According to Bloomberg, the retirement plan set up for the employees of the Orange County (Florida) Sheriff’s Office claims that ING falsely characterized the payments as reimbursement for services provided to the mutual funds.
The plan not only wants to recover the revenue sharing payments and end the practice, but also wants the case to have class action status, which would allow the plan to sue ING on behalf of all similar deferred compensation plans nationwide that bought group annuity contracts from ING’s Hartford-based life insurance and annuity unit.
“The revenue sharing payments are calculated as a percentage of plan participants’ assets invested in the mutual funds through ING,” the plan said in its complaint, according to Bloomberg. “Those amounts bear no relationship whatsoever to the cost of providing the services or a reasonable fair market value for the services.”
The claim by the Orange County Sheriff’s Office is its second in recent months against a provider. The office sued in November 2006 its former provider Nationwide Life Insurance Co. in the US District Court in Columbus, Ohio, charging that the firm would offer mutual funds to deputies and other investors only if the family of funds also paid the company a fee (See FL Sheriff Sues Nationwide Over Fees).

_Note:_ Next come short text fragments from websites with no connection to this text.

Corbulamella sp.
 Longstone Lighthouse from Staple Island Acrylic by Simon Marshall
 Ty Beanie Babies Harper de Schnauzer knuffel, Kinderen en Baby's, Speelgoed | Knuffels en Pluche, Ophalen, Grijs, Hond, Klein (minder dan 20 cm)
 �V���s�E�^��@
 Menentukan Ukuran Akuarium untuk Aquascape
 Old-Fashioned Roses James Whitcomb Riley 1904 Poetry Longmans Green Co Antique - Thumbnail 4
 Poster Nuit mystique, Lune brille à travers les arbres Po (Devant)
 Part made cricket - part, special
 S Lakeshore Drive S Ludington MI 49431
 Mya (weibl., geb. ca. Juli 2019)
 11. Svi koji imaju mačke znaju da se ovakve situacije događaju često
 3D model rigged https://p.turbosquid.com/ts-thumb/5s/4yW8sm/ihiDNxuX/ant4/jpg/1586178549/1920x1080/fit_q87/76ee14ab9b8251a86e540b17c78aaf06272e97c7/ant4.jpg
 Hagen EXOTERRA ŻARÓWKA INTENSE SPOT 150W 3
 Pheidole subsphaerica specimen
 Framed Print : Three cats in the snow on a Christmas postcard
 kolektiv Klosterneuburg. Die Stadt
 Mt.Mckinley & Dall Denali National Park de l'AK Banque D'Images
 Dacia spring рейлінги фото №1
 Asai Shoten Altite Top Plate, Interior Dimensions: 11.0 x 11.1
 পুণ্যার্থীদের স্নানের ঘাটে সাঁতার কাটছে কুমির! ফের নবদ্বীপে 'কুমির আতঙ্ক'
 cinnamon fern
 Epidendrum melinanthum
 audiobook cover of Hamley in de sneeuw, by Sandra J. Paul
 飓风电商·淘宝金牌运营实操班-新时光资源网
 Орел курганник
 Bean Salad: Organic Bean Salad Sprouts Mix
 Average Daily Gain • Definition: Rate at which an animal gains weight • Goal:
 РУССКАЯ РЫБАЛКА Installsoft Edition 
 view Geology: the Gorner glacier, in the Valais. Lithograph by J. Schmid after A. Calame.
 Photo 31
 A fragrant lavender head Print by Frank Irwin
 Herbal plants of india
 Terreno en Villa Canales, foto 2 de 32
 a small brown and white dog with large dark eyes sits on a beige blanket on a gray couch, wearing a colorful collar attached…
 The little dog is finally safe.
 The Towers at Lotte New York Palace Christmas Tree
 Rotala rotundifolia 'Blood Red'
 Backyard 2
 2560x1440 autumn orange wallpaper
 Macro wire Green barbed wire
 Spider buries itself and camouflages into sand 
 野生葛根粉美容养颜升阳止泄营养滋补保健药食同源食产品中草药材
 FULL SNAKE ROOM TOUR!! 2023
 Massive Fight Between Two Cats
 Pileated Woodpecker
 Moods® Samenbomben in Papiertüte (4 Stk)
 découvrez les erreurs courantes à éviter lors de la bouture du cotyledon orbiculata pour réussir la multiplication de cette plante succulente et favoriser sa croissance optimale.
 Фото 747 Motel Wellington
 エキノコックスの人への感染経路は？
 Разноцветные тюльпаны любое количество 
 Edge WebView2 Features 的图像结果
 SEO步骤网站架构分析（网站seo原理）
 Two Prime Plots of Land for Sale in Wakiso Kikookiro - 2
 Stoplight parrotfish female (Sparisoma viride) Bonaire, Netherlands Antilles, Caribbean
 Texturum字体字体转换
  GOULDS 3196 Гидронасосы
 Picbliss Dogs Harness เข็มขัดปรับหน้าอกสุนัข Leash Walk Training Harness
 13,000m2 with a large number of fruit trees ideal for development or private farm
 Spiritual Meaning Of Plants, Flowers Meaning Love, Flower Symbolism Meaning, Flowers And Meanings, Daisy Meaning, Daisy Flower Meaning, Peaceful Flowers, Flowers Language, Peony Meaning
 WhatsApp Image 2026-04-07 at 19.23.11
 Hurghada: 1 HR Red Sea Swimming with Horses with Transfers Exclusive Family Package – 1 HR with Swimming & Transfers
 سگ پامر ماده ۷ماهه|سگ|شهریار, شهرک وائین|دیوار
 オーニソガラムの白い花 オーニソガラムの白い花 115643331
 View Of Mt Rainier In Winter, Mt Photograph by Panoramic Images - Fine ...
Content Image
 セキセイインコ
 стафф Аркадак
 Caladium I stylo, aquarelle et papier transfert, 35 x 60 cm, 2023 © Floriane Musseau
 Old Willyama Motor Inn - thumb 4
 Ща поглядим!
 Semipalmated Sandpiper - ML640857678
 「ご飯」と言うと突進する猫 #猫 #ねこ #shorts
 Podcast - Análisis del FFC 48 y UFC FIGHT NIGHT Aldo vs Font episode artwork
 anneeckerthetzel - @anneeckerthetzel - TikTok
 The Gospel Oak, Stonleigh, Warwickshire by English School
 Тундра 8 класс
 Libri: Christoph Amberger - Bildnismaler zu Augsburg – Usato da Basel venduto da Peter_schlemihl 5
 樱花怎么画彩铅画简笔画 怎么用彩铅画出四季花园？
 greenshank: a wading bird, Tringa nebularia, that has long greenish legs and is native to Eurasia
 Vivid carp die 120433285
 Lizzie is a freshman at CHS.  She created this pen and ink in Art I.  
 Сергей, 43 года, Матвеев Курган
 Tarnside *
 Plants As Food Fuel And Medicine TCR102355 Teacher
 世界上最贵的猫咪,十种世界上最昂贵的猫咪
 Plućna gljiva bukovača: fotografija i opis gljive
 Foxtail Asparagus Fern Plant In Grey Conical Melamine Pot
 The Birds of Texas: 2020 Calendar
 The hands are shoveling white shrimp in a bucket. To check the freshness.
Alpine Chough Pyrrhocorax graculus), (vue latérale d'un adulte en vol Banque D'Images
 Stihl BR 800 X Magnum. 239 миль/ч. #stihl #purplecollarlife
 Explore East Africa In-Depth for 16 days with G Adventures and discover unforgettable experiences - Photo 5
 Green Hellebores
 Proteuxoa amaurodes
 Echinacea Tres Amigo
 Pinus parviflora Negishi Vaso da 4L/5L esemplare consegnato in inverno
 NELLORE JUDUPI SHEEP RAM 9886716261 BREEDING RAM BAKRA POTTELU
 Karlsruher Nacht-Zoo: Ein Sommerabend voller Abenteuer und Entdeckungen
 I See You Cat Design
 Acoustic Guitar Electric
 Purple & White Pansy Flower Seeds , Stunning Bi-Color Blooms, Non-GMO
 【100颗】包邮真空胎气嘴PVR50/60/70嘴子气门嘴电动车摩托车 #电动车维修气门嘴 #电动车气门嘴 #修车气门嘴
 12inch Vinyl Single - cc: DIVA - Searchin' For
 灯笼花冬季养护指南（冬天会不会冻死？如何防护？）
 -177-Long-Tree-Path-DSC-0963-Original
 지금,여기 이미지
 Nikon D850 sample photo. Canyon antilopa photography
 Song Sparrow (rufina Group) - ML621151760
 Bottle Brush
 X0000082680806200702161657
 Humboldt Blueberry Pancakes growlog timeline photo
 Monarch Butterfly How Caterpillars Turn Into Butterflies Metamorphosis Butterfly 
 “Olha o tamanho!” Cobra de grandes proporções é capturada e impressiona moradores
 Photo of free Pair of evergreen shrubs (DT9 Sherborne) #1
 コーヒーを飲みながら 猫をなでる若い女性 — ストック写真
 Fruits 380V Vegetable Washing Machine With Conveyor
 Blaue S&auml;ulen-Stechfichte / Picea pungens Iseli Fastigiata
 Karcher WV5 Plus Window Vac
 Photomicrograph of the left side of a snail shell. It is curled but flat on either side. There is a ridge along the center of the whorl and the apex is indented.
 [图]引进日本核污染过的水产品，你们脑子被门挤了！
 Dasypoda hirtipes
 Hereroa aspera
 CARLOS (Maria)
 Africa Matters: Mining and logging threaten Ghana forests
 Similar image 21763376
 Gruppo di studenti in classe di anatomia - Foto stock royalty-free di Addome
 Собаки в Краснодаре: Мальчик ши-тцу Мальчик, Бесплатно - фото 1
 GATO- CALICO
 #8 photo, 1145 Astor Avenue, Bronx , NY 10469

The Dutch bank had also been the target of an investigation by former New York Attorney General Eliot Spitzer over its fee structure. Spitzer alleged ING took fees in exchange for promoting particular funds in retirement plans and failed to disclose those fees. ING agreed to a $33 million settlement in October.
A racetrack in Illinois recently sued Principal Financial Group over its revenue-sharing practices, alleging that the firm breached its fiduciary duties in its arrangements with the mutual funds whose offerings are included in Principal’s 401(k) product (See Plan Sponsor Sues Principal over 401(k) Fund Revenue Sharing).